● **Activity**: Print out the entries from the line containing "Santander, Talgo, la" through the last line, exactly, and print nothing else. Pictures are not copied.

[Input data]

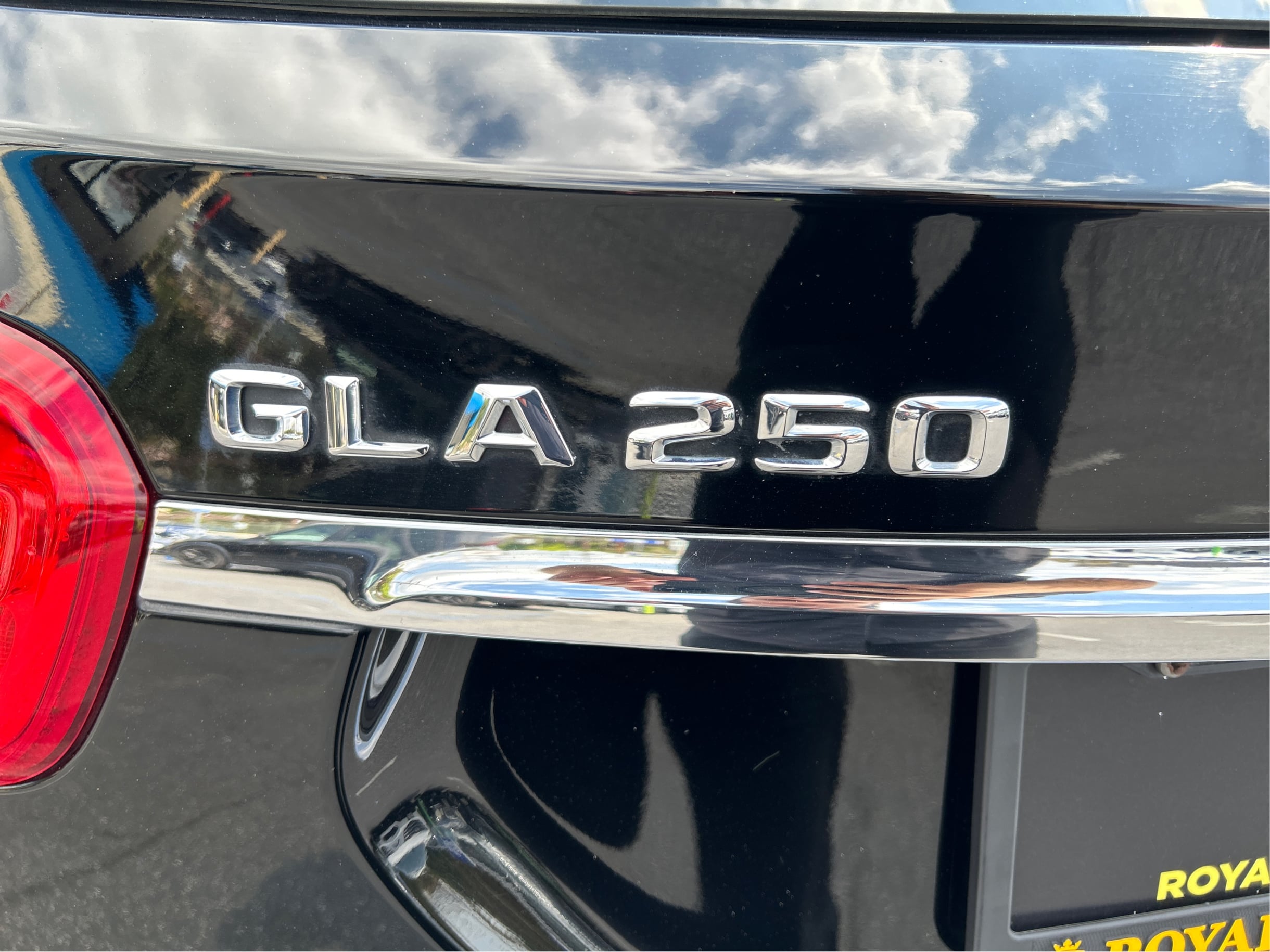2016 Mercedes Benz GLA 250 photo 33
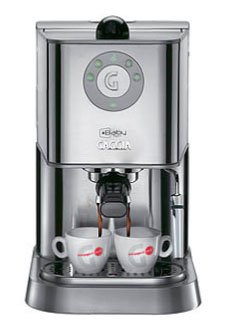 Gaggia Stainless Steel Baby Twin รูปที่ 1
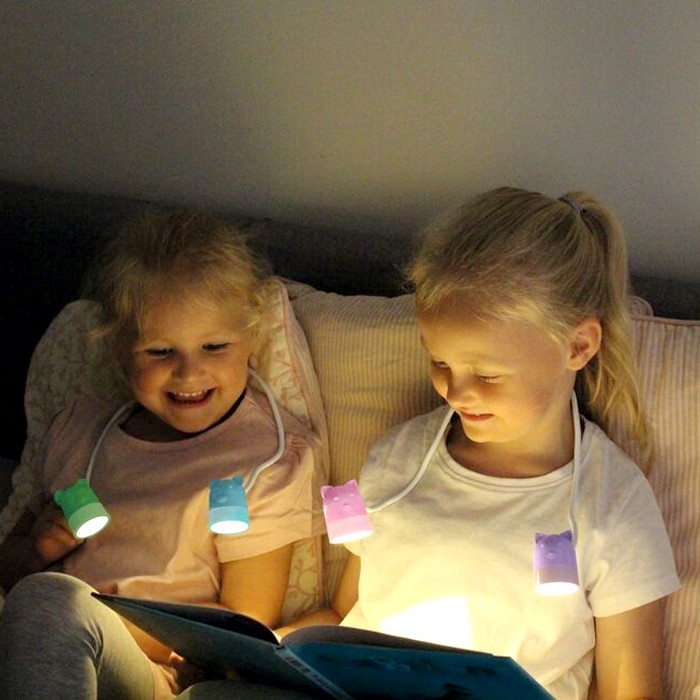 Lamp Λάμπα Ανάγνωσης Έυκαμπτη 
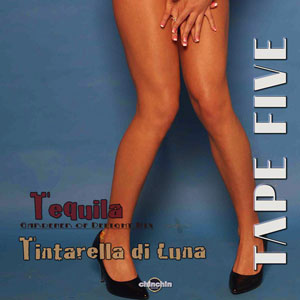 legs tape five tequila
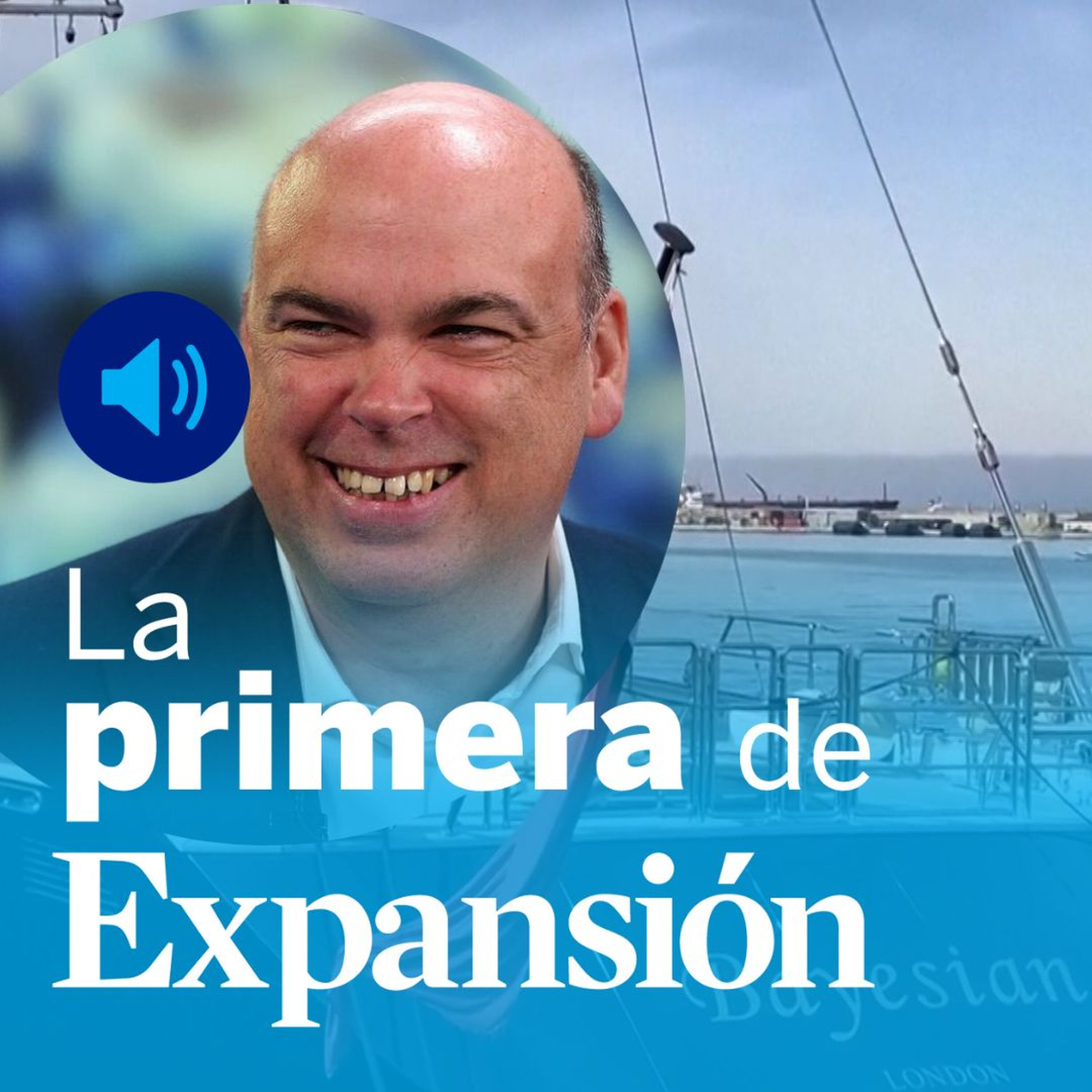 Santander, Talgo, la Ley de Paridad, Mike Lynch y Tim Waltz episode artwork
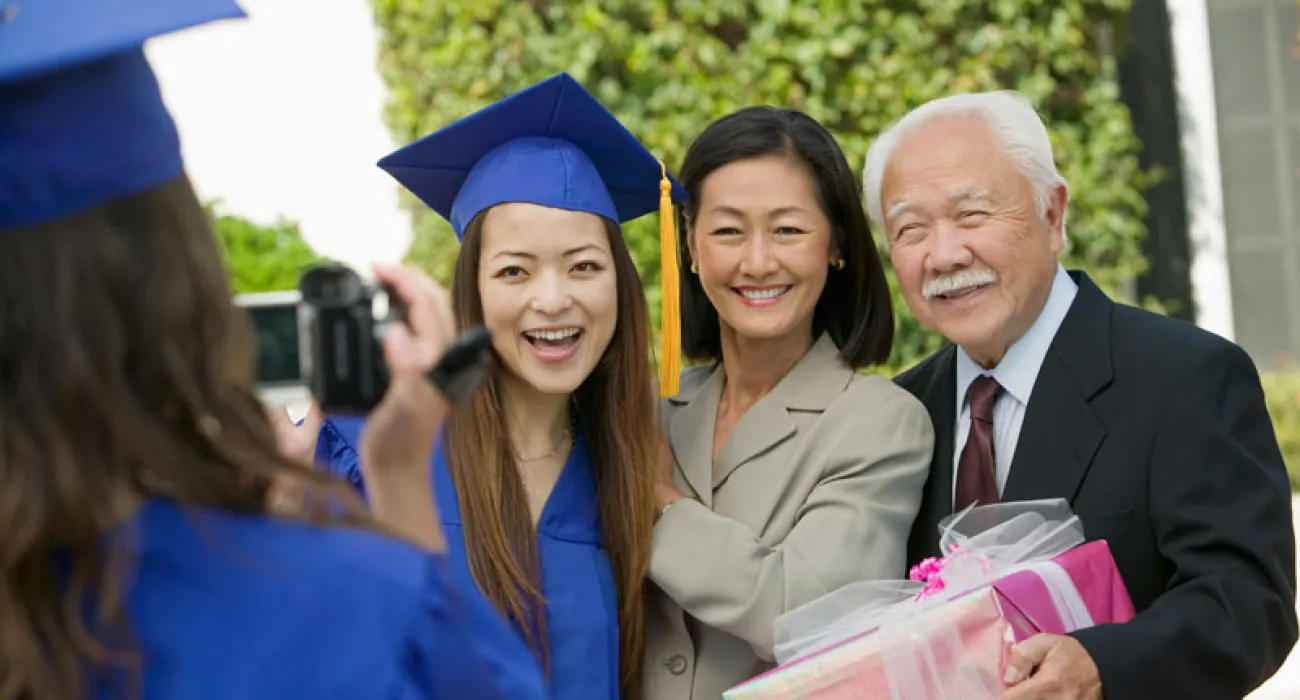 Six Smart Financial Gifts For The College Graduate  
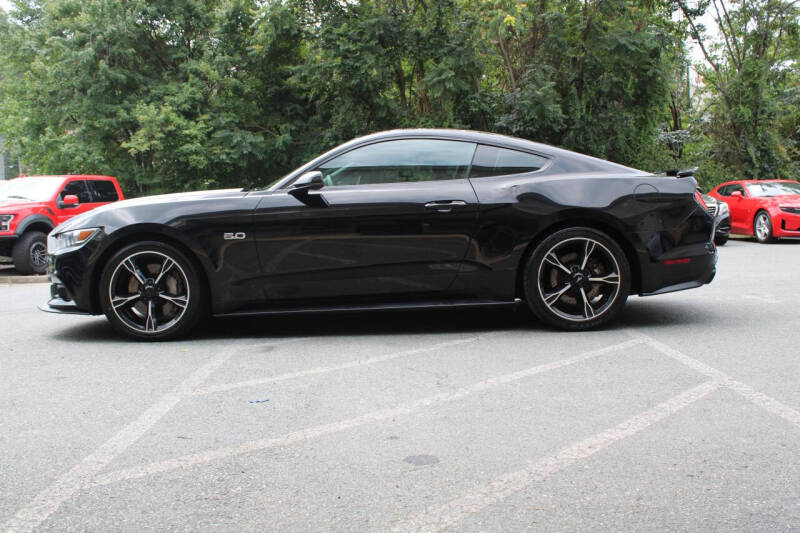 2017 Ford Mustang GT Premium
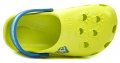 Coqui 8701 citrus dětské nazouváky crocsy | ARNO-obuv.sk - obuv s tradíciou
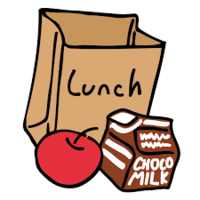 Summer School Meal Services Times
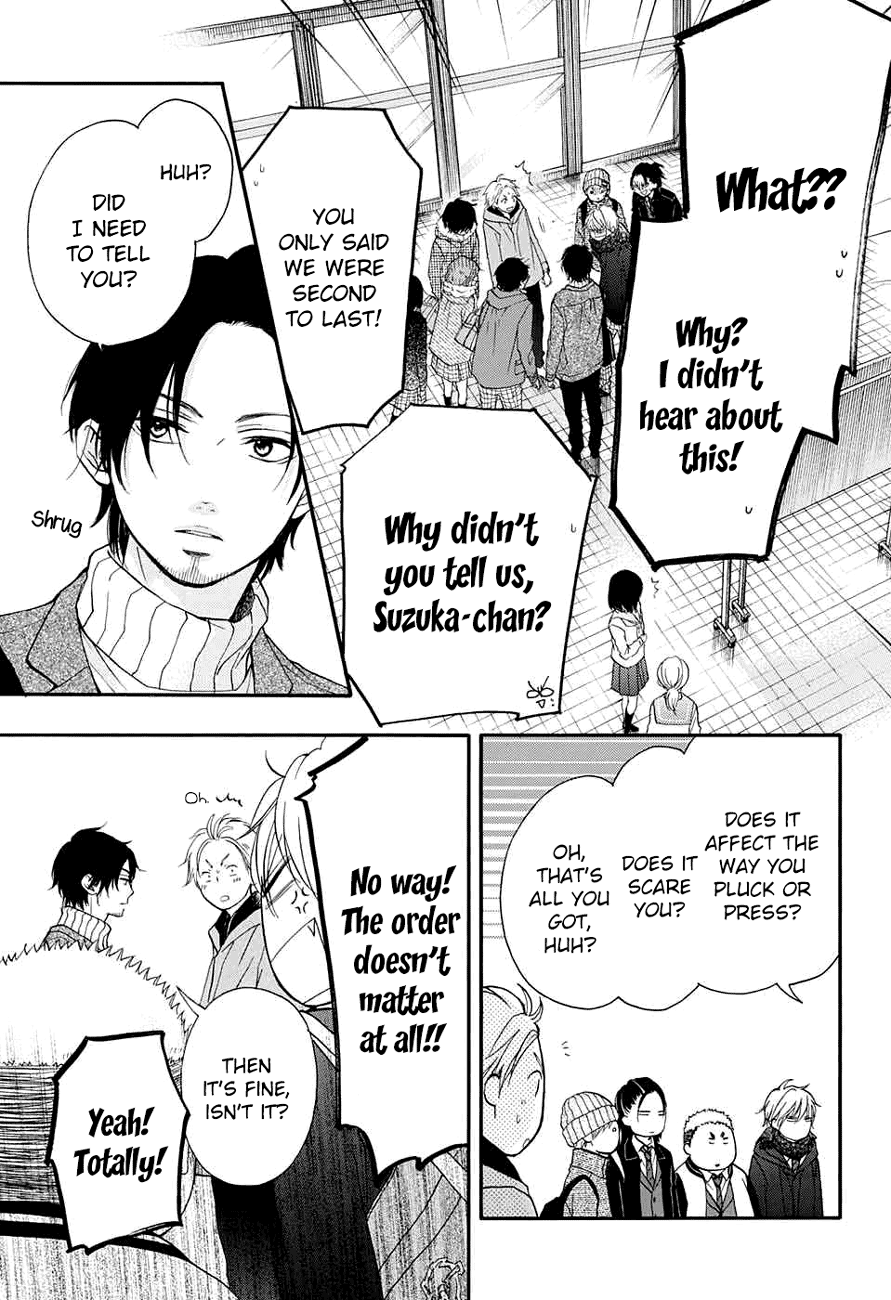 Read Kono Oto Tomare Sounds Of Life EN Manga Online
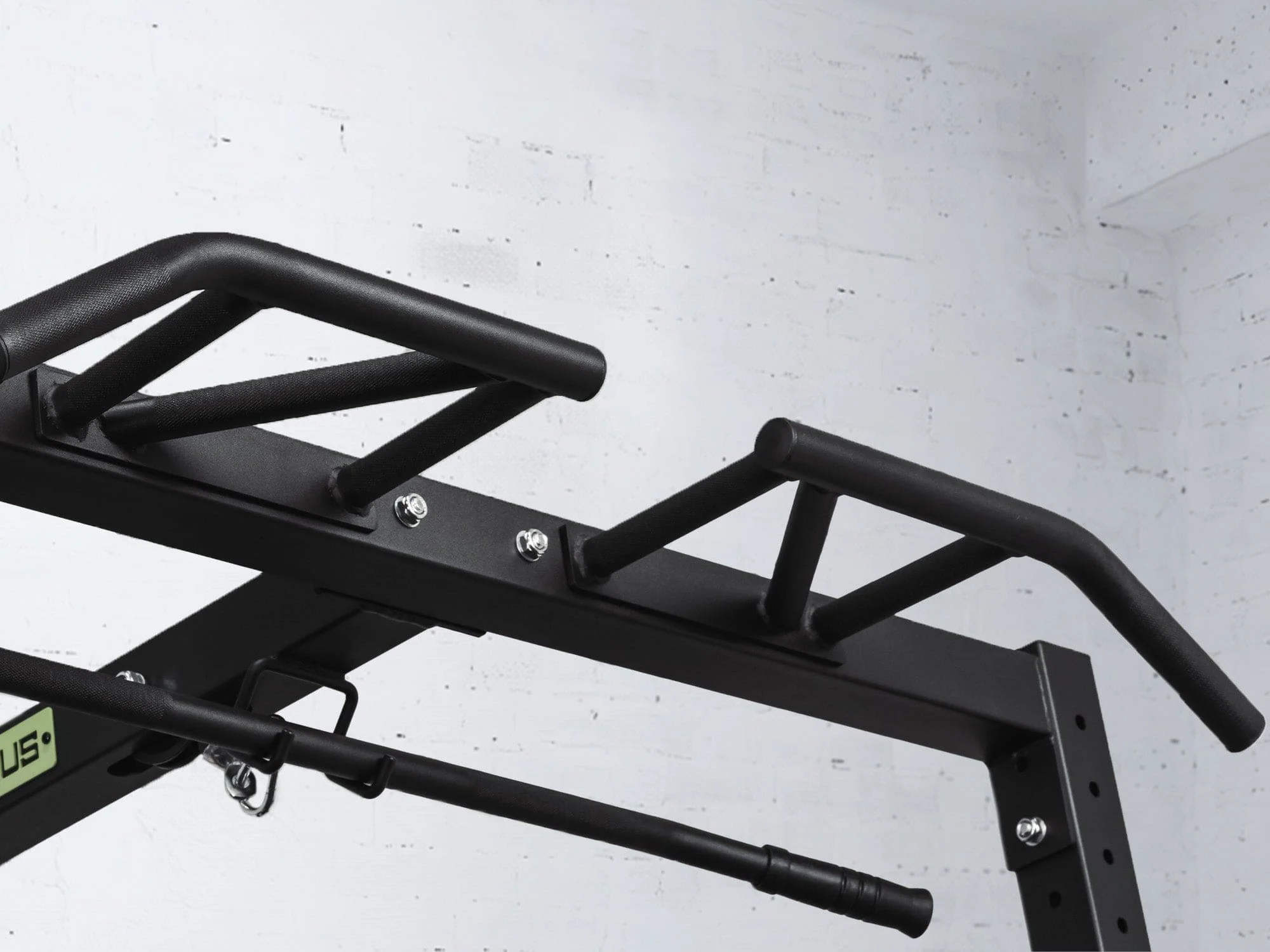 Half Power Rack Garage Gym Package - HR2300 Combo - Image 3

[/Input data]

● **Answer space**:
 Santander, Talgo, la Ley de Paridad, Mike Lynch y Tim Waltz episode artwork
 Six Smart Financial Gifts For The College Graduate  
 2017 Ford Mustang GT Premium
 Coqui 8701 citrus dětské nazouváky crocsy | ARNO-obuv.sk - obuv s tradíciou
 Summer School Meal Services Times
 Read Kono Oto Tomare Sounds Of Life EN Manga Online
 Half Power Rack Garage Gym Package - HR2300 Combo - Image 3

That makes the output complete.